I have the following stochastic process represented by
$$S_t = 1+\int_0^t \exp\left(\sigma B_s – \sigma^2\frac{s}{2}\right)\,dB_s\,,$$
where $B_t$ is a standard Brownian motion.
I would like to compute its expectations. I thought I could do it in two ways: $(1)$ using the fact that expectation of Ito integral is $0$ and $(2)$ using direct computations. But when I do this, I get two different answers.
Clearly, I must be doing something wrong, but I wonder if someone could point the problem to me.

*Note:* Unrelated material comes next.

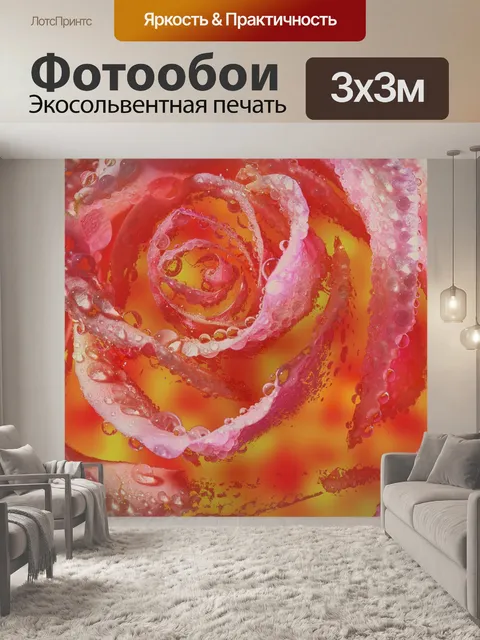 Фотообои Искусство мокрой розы
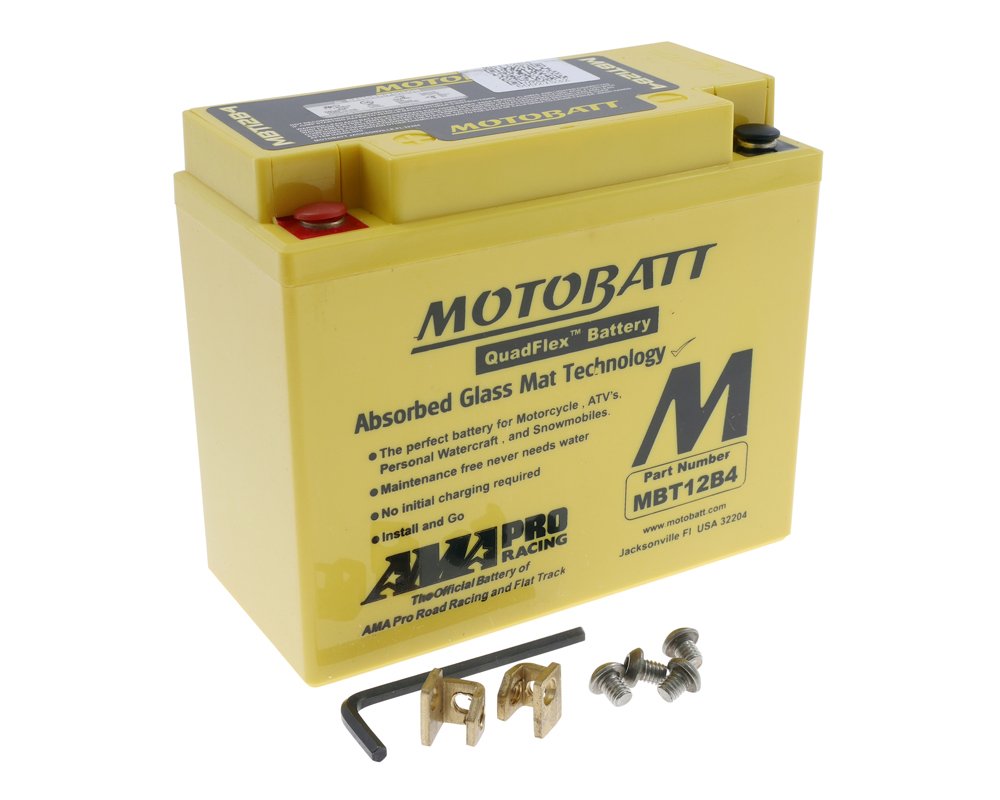 MOTOBATT Batterie 12 V 11 Ah (MBT12B4) [wartungsfrei & versiegelt] kompatibel für Yamaha XVS 650 A Dragstar Classic VM041 2004-2007 von MOTOBATT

(Expectations of Ito integral)
Since the integrand is square integrable for a given t, one can simply use the fact that Ito integral with respect to Brownian motion will be 0. Thus,
$$\mathbb{E}[S_t]=1$$
(Direct computations)
$$\mathbb{E}[S_t]=1+ \mathbb{E}\left[\int_0^t \exp\left(\sigma B_s – \sigma^2\frac{s}{2}\right)\,dB_s\right]$$
Since integrand is non-negative, I thought I could apply Tonelli's Theorem to change the order of integration. But then
$$\mathbb{E}[S_t] = 1+ \int_0^t \mathbb{E} \left[\exp\left(\sigma B_s – \sigma^2\frac{s}{2}\right)\right]\,dB_s \\
= 1+ \int_0^t \mathbb{E} \left[\exp\left(\sigma B_s \right)\right] \exp\left(-\sigma^2\frac{s}{2}\right)\,dB_s \\
= 1+ \int_0^t \exp\left(\sigma^2 \frac{s}{2} \right) \exp\left(-\sigma^2\frac{s}{2}\right)\,dB_s \\
=1 + \int_0^t 1 \,dB_s \\
=1 + B_t \neq 1\,.$$
So it seems that Tonelli's (and Fubini's) theorem do not apply here. Is this because the integration is wrt to Brownian motion? Is there a way to compute this expectation directly?
Best Answer
You cannot write $E\int_0^{t} Y(s)dB_s$ as $\int_0^{t} (EY(s))dB_s$. The left side is a number and the right side is a random variable.